24 - Kunst en cultuur: kunstwerken, monumenten, amateurkunst, musea, theater, schuurfeesten.
Kunstwerken
Het monument van de vier leeuwenbeelden op De Deel, Emmeloord, 1953.
De Drie Muzen van Jan Bons,1953 (zie ook venster 20).
Afscheid van de heer A.D. van Eck, hoofd van de bouwkundige afdeling Rijksdienst IJsselmeerpolders. 1-12-1964.
Via deze regeling zijn in de periode daarna kunstwerken gerealiseerd die veelal bestonden uit glas-in-loodramen in kerken of reliëfs op scholen, kerken en andere openbare gebouwen. In 1964 werd de Stichting A.D. van Eckfonds opgericht met als doel het bijdragen tot de verfraaiing en verrijking van het uiterlijk aanzien van de Noordoostpolder. Met het in het leven roepen van deze stichting heeft de gemeente haar erkentelijkheid willen uitdrukken voor hetgeen het toenmalige hoofd van de bouwkundige hoofdafdeling van de Rijksdienst voor de IJsselmeerpolders, de heer A.D. van Eck, in de gemeente Noordoostpolder tot stand heeft gebracht. De Stichting A.D. van Eckfonds verwierf 82 beelden; in 2012 is de collectie overgedragen aan gemeente Noordoostpolder. Het totaal aantal kunstwerken is groter vanwege particuliere schenkingen, aanschaf door (dorps)verenigingen of verkregen door de eenprocentsregeling.
Monument Noordoostpolder ('Ketelhuisje'), van Frans Bolink en Gerard Koopman, baksteen en aluminium, 1994.
Monumenten
De Noordoostpolder telt meer dan vijftig monumenten die staan ingeschreven in het Monumentenregister van de Rijksdienst voor het Cultureel Erfgoed. De meeste gebouwen op de lijst dateren uit de ontginningstijd van de Noordoostpolder.
Enkele rijksmonumenten dateren uit de negentiende eeuw.
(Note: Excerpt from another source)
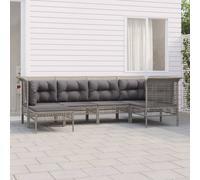 vidaXL Set de muebles de jardín 6 pzas y cojines ratán sintético gris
Op Schokland staan een oude lichtwachterswoning, een misthoorngebouwtje, een houten ijsloperschuur en een historische kerk uit 1834 (zie ook venster 5). In het uiterste zuidoostelijke puntje van de polder is nog de lichtwachterswoning van Oud-Kraggenburg te vinden (zie ook venster 6).

Verspreid door de polder liggen verder een tiental terreinen die vanwege hun archeologische waarde een beschermde status hebben: resten en fundamenten van een middeleeuwse kerk op Schokland zijn hiervan in het landschap zichtbaar.

Musea
Na het droogvallen bleek de polder een waar archeologisch paradijs. Er werden duizenden bodemvondsten gedaan. Naast (pre)historisch aardewerk en werktuigen, gaf de polderbodem zelfs complete scheepswrakken prijs (zie ook venster 1). De eerste jaren werden de bodemschatten in Kampen ondergebracht. Al snel werd gedacht aan de oprichting van een museum in de Noordoostpolder. Het oog viel daarbij op de historische kerk op het drooggevallen eiland Schokland. In 1947 opende hier een nieuw oudheidkundig museum zijn deuren. De huidige houten museumgebouwen werden in 1980 gebouwd. In 1987 werd Museum Schokland door de Rijksoverheid aan gemeente Noordoostpolder overgedragen voor het symbolische bedrag van één gulden. Met de plaatsing van het eiland Schokland op de prestigieuze Werelderfgoedlijst van UNESCO in 1995, kreeg dat museum meer uitstraling. De in 1961 opgerichte vereniging Vrienden van Schokland ondersteunt het museum, maar richt zich tegenwoordig ook op de geschiedenis van de hele Noordoostpolder.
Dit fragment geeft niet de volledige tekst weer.